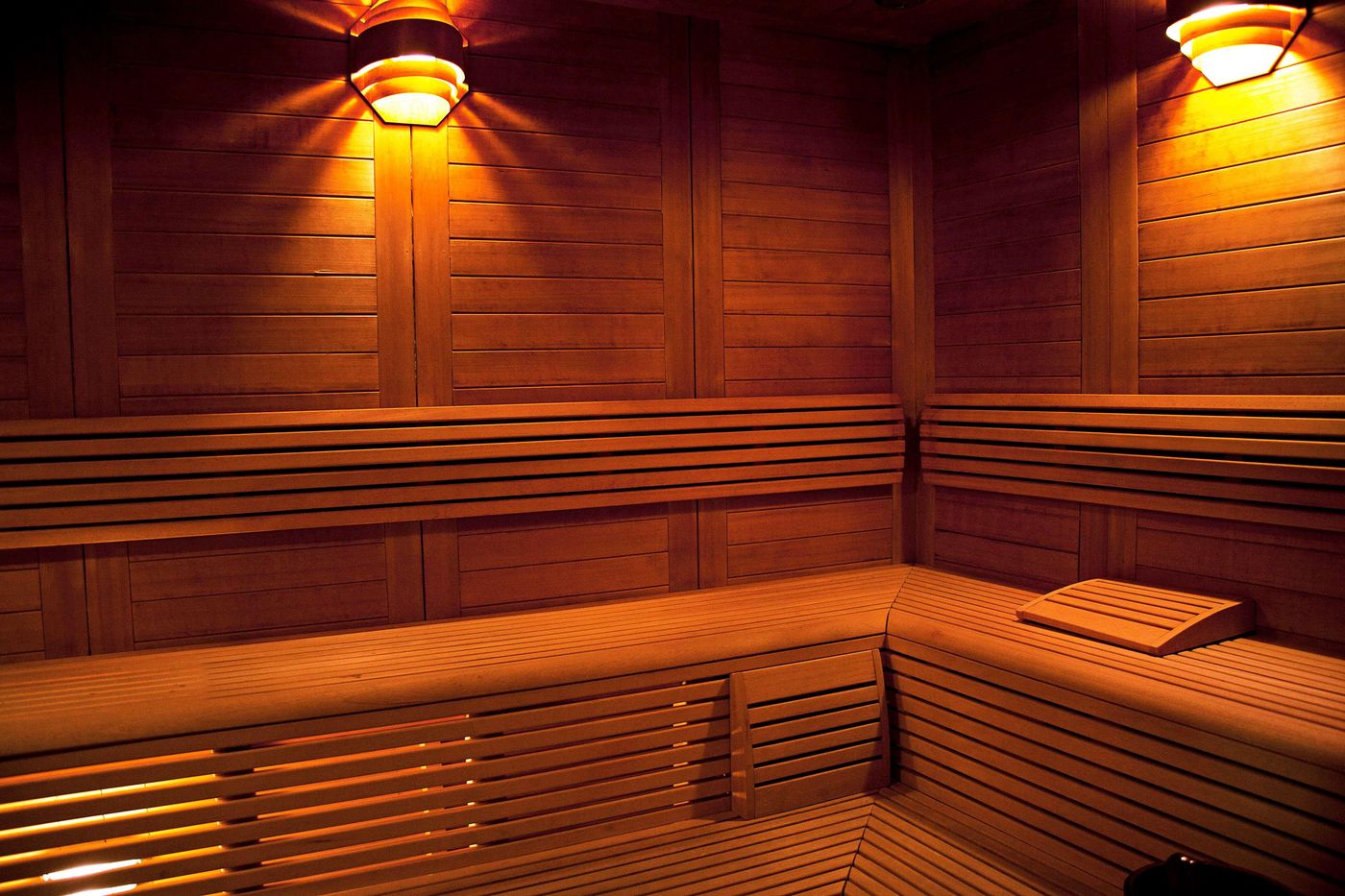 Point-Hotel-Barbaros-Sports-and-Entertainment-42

▬▬▬

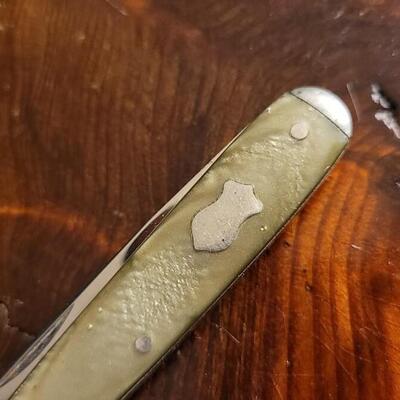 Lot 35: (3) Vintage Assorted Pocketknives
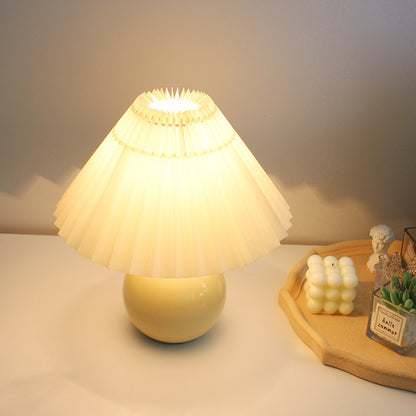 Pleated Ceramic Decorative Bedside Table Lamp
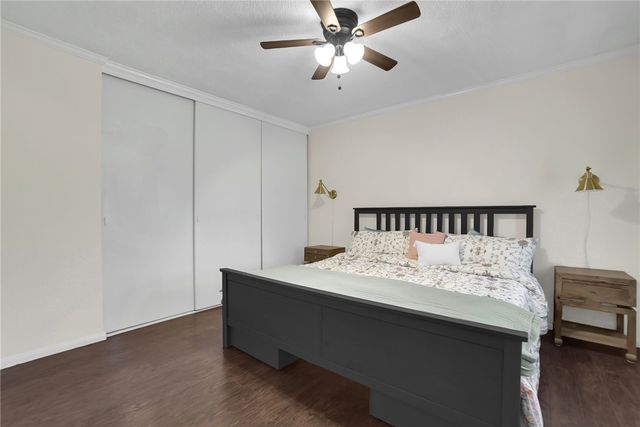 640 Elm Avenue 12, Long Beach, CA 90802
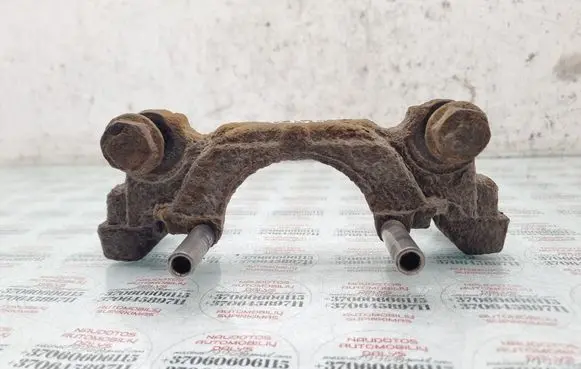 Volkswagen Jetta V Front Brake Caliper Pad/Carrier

▬▬▬

Work from the entries above. Set down exactly and only the lines from the line with "640 Elm Avenue 12, Long Beach, CA 90802" to the line with "Volkswagen Jetta V", both included, and leave the pictures out.

 640 Elm Avenue 12, Long Beach, CA 90802
 Volkswagen Jetta V Front Brake Caliper Pad/Carrier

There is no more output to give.